Allah’ın arzında imanlı ve vicdanlı insan inşası, Kur’an-ı Kerim’in maksatlarındandır. Kur’an-ı Kerim’e dayalı eğitim ve öğretimde iman ve vicdan ayrılmazlığı evveliyattandır. Şayet bugün Müslümanlar arasında iman ve vicdan birbirlerine rakip hale gelmişlerse, bunun sebebi Kur’an’ın inşa etmek istediği insan tipinin bilinmemesindendir.
Vicdan, fıtratın hakikat terazisidir. Zulmü ve zalimliği, kabalığı ve nobranlığı kaldırmaz. Kişinin kendi fıtratıyla yüzleşmesidir. Fıtratın selim kalması, selamettendir. Vicdanın sesi, fıtratın sesidir. Bir yerde paranın sesi vicdanın sesini çok rahat bir şekilde susturuyorsa, orada fıtrat bozulmuş demektir.
Müslümanın varlık sebebi, kalbindeki imanıdır. İman ve vicdan ikizdirler. İman ile birlikte kalbe vicdan girer. İnsanın insan olması, insan ve Müslüman kalması, iman ve vicdan ile kaimdir. İmanın ve vicdanın korunmadığı, muhafaza edilmediği yerde insanlık ve Müslümanlık olmaz. İmansız bir vicdan, vicdansız kalmış bir iman, kişinin başına belâdır.

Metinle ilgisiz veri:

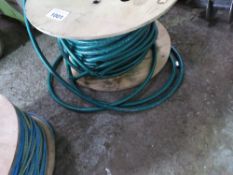 LARGE ROLL OF WATER HOSE PIPE.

Allah’ın arzında imanlı ve vicdanlı insan inşası, Kur’an-ı Kerim’in maksatlarındandır. Kur’an-ı Kerim’e dayalı eğitim ve öğretimde iman ve vicdan ayrılmazlığı evveliyattandır. Şayet bugün Müslümanlar arasında iman ve vicdan birbirlerine rakip hale gelmişlerse, bunun sebebi Kur’an’ın inşa etmek istediği insan tipinin bilinmemesindendir. Şunu bilelim ki; Rasûlüllah (sav)’in mühimlerinden birisi de, Müslümanlara muğlak gelen ayetleri izah edip Kitabullah’ın manasını Müslümanlara beyan ederek öğretmekti. Rasûlüllah (sav), sahabelerin ayetleri yanlış anlamalarına müdahale etmiş ve hatalı olan görüşleri düzeltmiştir. Kur’an’ı Allah’ın muradına göre anlama hususundaki müşküllerini gidermiştir. (Bkz.Tasvibat Fi Fehmi Badi’i Âyâti (Salah Abdülfettah el- Halidî, Sh: 33, Beyrut/ 2002) Dolayısıyla günümüzün Müslümanları, Kur’ân eğitim ve öğretimi programlarına mutlaka iman merkezli bir vicdan inşa etmeyi almalıdırlar. İman kişiyi cennete koyar. Kişiyi cennete koyan imanı koruyan da vicdandır.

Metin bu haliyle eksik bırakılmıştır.